# Truassets e-mail



## DYERDOG (Mar 30, 2015)

Just received this e-mail today, stating this "Moving forward I would like to stop paying Trip Charges for Work Not Performed at a property. This is especially true of our grass cuts. I have attached a memo for your review. There should always be an opportunity to complete some work at a property ensuring that you are making more than a trip charge.

If you believe the work to be over the standard rate I need you to call from site with photos to justify. I have attached our most recent employee phone list. I recommend that you print this out and keep it in your vehicle. If you get an approval over the phone or an extension on the order please make sure that the employee providing this places a job note in the order.

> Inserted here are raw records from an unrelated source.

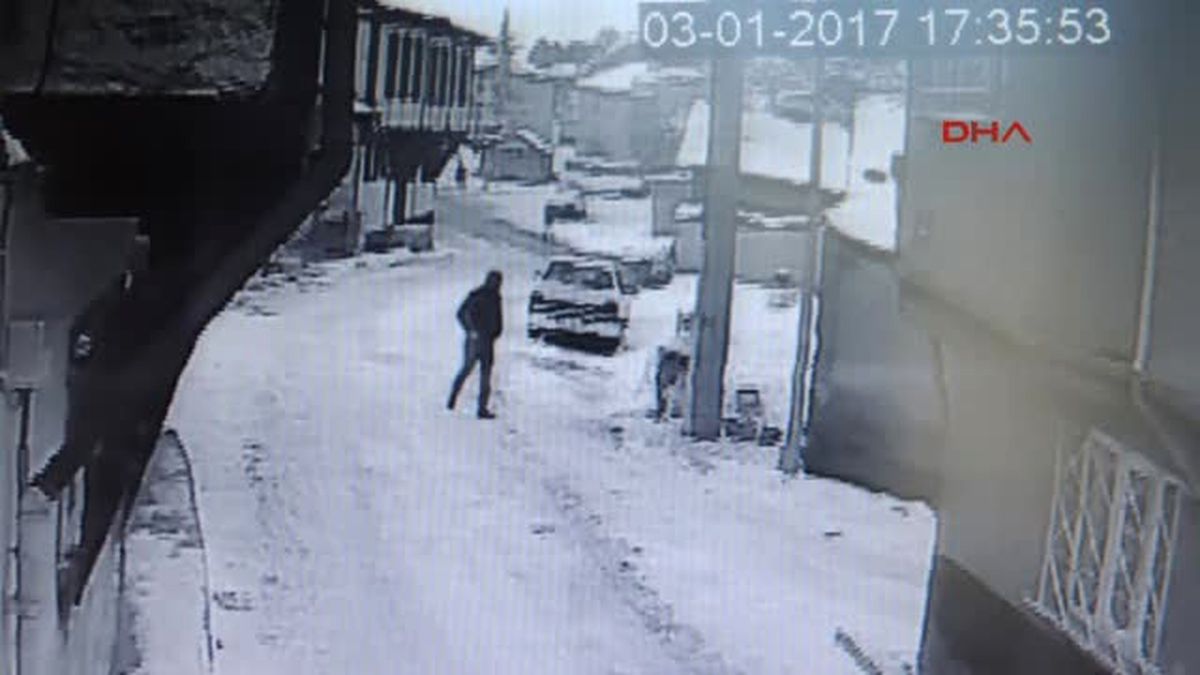 Biber Gazı Sıkıp Evine Girdiği Kadını Bıçak Zoruyla Soydu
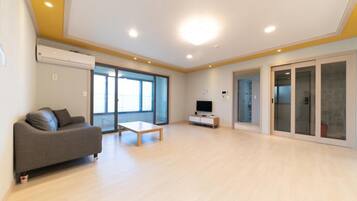 Basic Room, 1 Bedroom (301ho) | 1 bedroom, free WiFi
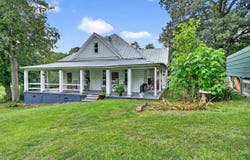 88 CHURCH St, Hayden, AL 35079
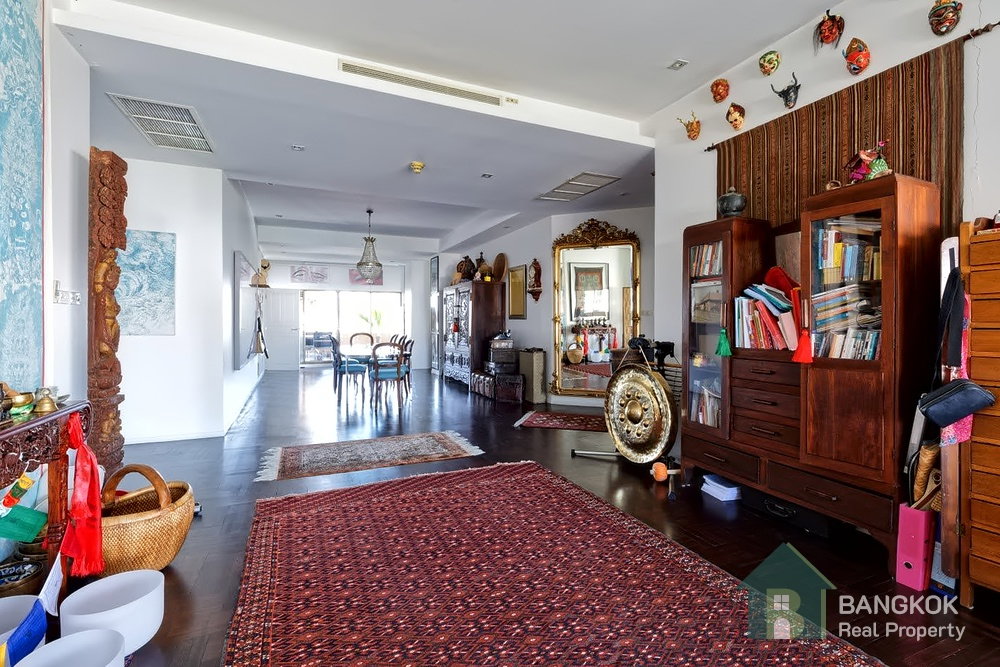 รูป Castle Hill Mansion  l คอนโดสุดหรู 3 ห้องนอน 326 ตร.ม. ใกล้ BTS เอกมัย - รูปที่ 1/23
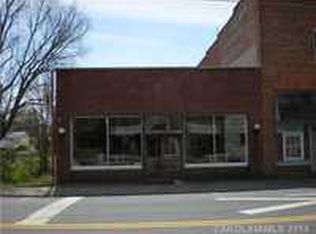 137 W Salisbury St, Denton, NC 27239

Finally, for those that are doing work outside of your normal coverage area please make sure that 1.) There is a job note with any agreed trip charge from myself or someone in our office and 2.) Call our office before leaving so that the work may be reviewed. I cannot pay another trip charge if you don’t complete the order and are sent back." Don't think I will work for this company.


----------



## NCnewbie (Aug 6, 2014)

#1 I would be very cautious on completing work with only a verbal acknowledgement. I'd ask for an email spelling out what was agreed on.
#2 Sounds like a company is going broke and trying to save every penny they can, I'd start working my way away from them as quickly as possible. 
#3 it also sounds like they may have pre-approved items such as wint refresh you could be doing to make some money while you're there instead of only a trip fee. Hard to say without knowing more but that's how it reads to me.


----------



## All Island Handy (Dec 12, 2012)

THE POINT OF THE TRIP CHARGE IS IF NO WORK IS COMPLETED!!!!! HOW MANT TIMES HAVE THEY SENT YOU TO A PROPERTY FOR A "PROPERTY CONDITION CHECK"? .........IM BETTING WAY MORE TIMES THAN YOU CAN GET AWAY WITH A WINT REFREASH:whistling2::whistling2:.........ALSO I KNOW FOR FACT THEY ARE BILLING THOSE TRIP CHARGES TO THERE CLIENT AND GETTING PAID FOR THEM........RUN FAR AND FAST THATS MY SUGGESTION. YOU CAN SIT AT THE HOUSE NOT WORKING AND SAVE MORE MONEY THAN YOU WILL MAKE WITH THESE GUYS


----------



## All Island Handy (Dec 12, 2012)

"Moving forward I would like to stop paying Trip Charges for Work Not Performed at a property. This is especially true of our grass cuts. ............................HAHAHA YA RIGHT !!!!! THE LAST 2 WEEKS OF GRASS CUT SEASON YOU WILL SPEND TWICE AS MUCH IN GAS TO GO TAKE PICS OF GRASS THAN YOU WILL MAKE IN A DAY........RUUNNNNNN!!!!!!!!!!!


----------



## melmatrix (Mar 15, 2015)

There full of **** 5.00 trip charge im leaving them very very soon its thAt **** joe medina little ***** **** us out of every penny


----------



## greenscapes16 (Mar 31, 2015)

anyone get grass cuts yet?


----------



## melmatrix (Mar 15, 2015)

I got 4 last night my thing is they cut cyd 8 dollars since last yr they started this ridicuolous late fee i know there running out of money or something then take freajing pics for each order and then lowball us on the bid i wont be with them for very long


----------



## drhuey (Jan 4, 2015)

I got like 15 grass cuts we still under snow


----------



## dirtydeeds (Dec 19, 2013)

I got around 45 last night.


----------



## theppreo (May 13, 2015)

haha that joe medina and shadow are a total JOKE!!! run and RUN FAST!!!


----------